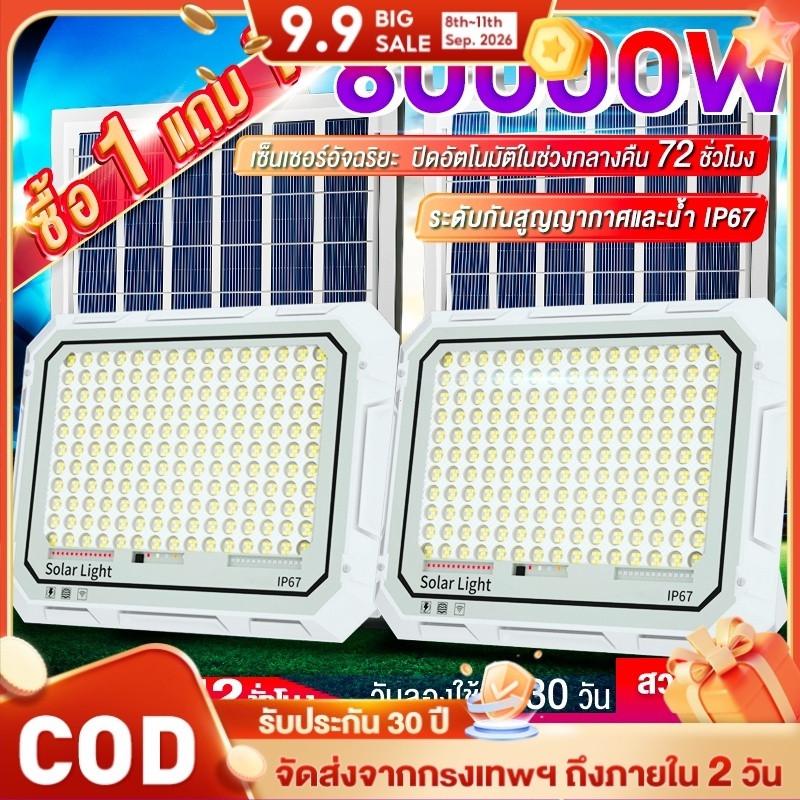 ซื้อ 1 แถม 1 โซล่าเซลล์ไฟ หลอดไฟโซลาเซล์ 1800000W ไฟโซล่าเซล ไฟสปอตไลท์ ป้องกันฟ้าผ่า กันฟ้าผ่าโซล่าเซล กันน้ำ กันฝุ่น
##########
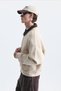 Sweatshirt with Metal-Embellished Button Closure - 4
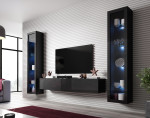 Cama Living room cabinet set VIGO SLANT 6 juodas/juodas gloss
##########
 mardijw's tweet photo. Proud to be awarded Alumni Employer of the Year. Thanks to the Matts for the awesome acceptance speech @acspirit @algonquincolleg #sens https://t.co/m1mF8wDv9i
##########
» Work instruction: What you return must match, character for character, the lines above from the one with "Sweatshirt with Metal-Embellished" through the one with "Cama Living room", minus any pictures.

» Written response:
 Sweatshirt with Metal-Embellished Button Closure - 4
 Cama Living room cabinet set VIGO SLANT 6 juodas/juodas gloss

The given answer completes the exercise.